A lot has changed since Donald Byrd performed “The Minstrel Show Revisited” in 2014. Even more since he first opened it in 1991. And yet the dialogue he hopes to inspire is still sorely needed. Even if it gets uncomfortable.
“The experience may upset them. A ticket to this show is a ticket to feeling uncomfortable,” Byrd said. “I’m even uncomfortable, and I’m in it. I know it and there’s times I feel uncomfortable. But I believe the only way we can work through this issue and other issues like racism is that we have to allow ourselves to feel and acknowledge that we feel uncomfortable. Avoiding it does not solve the problem.”
The Bessie Award winning production has always aimed to ignite that dialogue by evoking the art of a minstrel show. Popularized in the 19th century, minstrel shows were built on invoking and reinforcing racial stereotypes; typically featuring songs and jokes by white people in blackface. In “The Minstrel Show Revisited” the blackface and the jokes are still there. But that dialogue is coming from a different place: People of color.
By flipping the script of the traditional minstrel show stereotypes, Byrd is able to interrogate the conventional narrative around racial identities. It’s a journey everyone in the theater goes on together — including the ensemble of razor-sharp dancers.
“The white dancers need to deal with whatever guilt they’ve inherited. And black people need an opportunity to work through some of the anger they have, some of the persistence of the stereotypes,” Byrd said.
“In the past two years there’s been a tremendous amount of those kinds of deaths. Part of the preparation is that we talk about that; understanding that it’s important to do the show and able to deliver to an audience—that the idea of doing something like this is difficult for an audience...with the dancers, they have to go through that. Just like how in order to be a shrink, you have to be shrunk. In order to be a performer, you have to go through all that.”
He wasn’t always as empathetic to viewers’ reactions. When he first put on the show in 1989 as a reaction to the death of Yusef Hawkins — a black teenager killed by a mob of white youths in New York that year — Byrd didn’t claim any responsibility for audiences’ feelings as they were walking out of the theater. But as he’s grown over the years, so has the production.
“I was younger; I very intent on making a point and it didn’t matter to me so much how people responded to it. If they were upset so be it,” said Byrd, who’s been working as a choreographer for decades. “[Now,] the outcome of I want from an audience is completely different than when ‘The Minstrel Show’ was originally made. In the version now, it creates an opportunity for people to move beyond the kind of historical, knee-jerk responses that they have around issues of race.”

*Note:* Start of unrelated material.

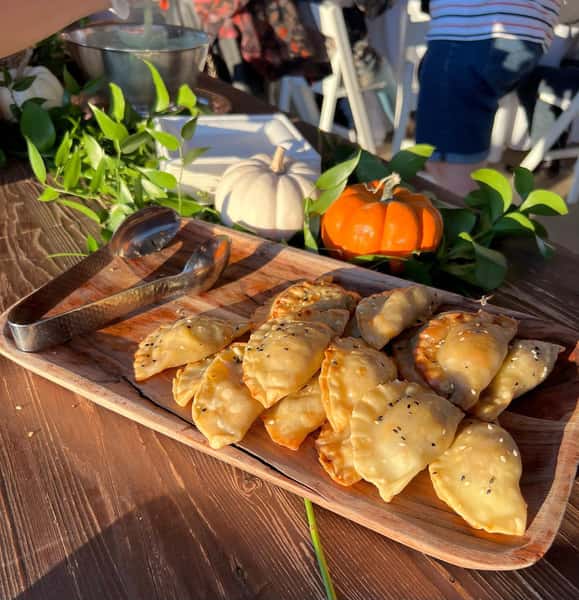 Argentinian beef empanadas and amazing Becker Vineyards views and wines. #thegoodlife #foodandwinefestival #happyplace #hillcountrytx #fredericksburgtx #fredericksburgfood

It’s a complex discussion already, let alone translating those raw and fraught conversations into dance. But Byrd isn’t worried about audiences losing the thread.
What audiences will see at this weekend’s performance of “The Minstrel Show Revisited” all that behind the scenes dialogue will be translated into a dance performance that draws from sources across centuries. Perhaps most prominently audiences can expect vaudeville style dancing, a la the Scarecrow in “The Wizard of Oz,” but they’ll also see country, ballet, and other historical dance types, all mixed into a blender and poured on stage. The theatrical dancing will seem very familiar to audiences, meaning that while they may not trace all the “vocabulary of dance” audiences can understand the feelings.
But it’s not just a ticket to a guilt trip. It’s a tough subject, no doubt, but as the culmination of the Spectrum Dance Theater’s 2015/2016 season #RACEish, Byrd says the show is a logical end point for a series, and hopefully the start of a bigger dialogue.
“Racism persists. The culmination of the season is that we return to something that’s at the beginning to put the punctuation on it,” said Byrd, who’s served as artistic director of Spectrum since late 2002. “In some ways I want to say leave your guilt at the door; it’s not useful, it doesn’t solve the problem. It immobilizes you. Makes it impossible to do something, because you feel obligated to do it. I want audiences to be empowered to do something.”